关键词: 无线协能通信网络, 智能反射面, 资源分配, 时分多址技术, 能量效率, Dinkelbach方法, 半正定规划方法

Abstract: Aiming at the problems of small coverage area and easy to be blocked by obstacles in Wireless Powered Communication Network (WPCN), the resource allocation of Intelligent Reflective Surface (IRS)assisted relaying in WPCN systems under communication blocking conditions was investigated. Specifically, in the downlink, IRS was used to assist users to collect energy from the Hybrid Access Point (HAP); in the uplink, IRS was used to assist users to send information to the HAP. Considering that the system contains both energy transmission and information transmission, the Time Division Multiple Access (TDMA) was used to divide the energy collection, the data communication, and the data relay transmission.
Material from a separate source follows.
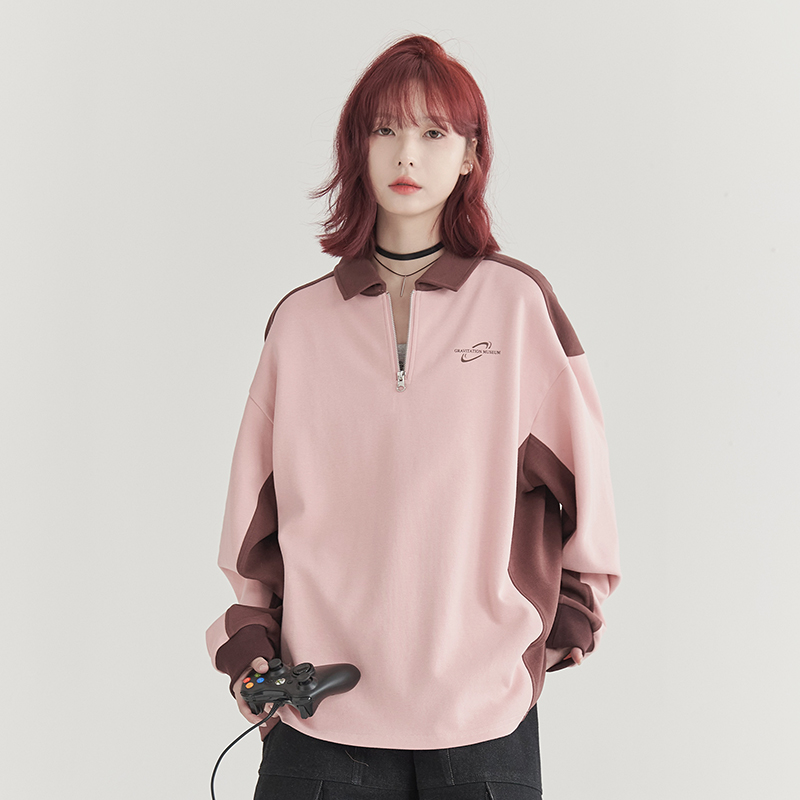 nu27 Half zip polo long-sleeved shirt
Based on the constructed system model and transmission strategy, the energy efficiency optimisation problem was proposed with the constraints of user's quality of service and the energy consumed by the user to send information.The total energy efficiency of the system was maximised by jointly optimising the sending power, IRS phase shift matrix and time scheduling. Due to the non-convex nature of the proposed problem, the fractional form of the objective function was first converted to a non-fractional form using Dinkelbach's method, then the non-convex problem was converted to a convex problem using variable substitution and Semi-Definite Programming (SDP), and finally the suboptimal solution of the optimisation problem was obtained using CVX. Simulation results show that the proposed scheme not only extends the coverage of this system, but also effectively improves the energy efficiency of the system. Compared with the average allocation time scheme and the use of hybrid relay nodes, the proposed scheme improves the system energy efficiency by 12.43% and 30.46% on average.

Key words: Wireless Powered Communication Network(WPCN), Intelligent Reflecting Surface(IRS), resource allocation, Time Division Multiple Access(TDMA), energy efficiency, Dinkelbach method, Semi-Definite Programming(SDP)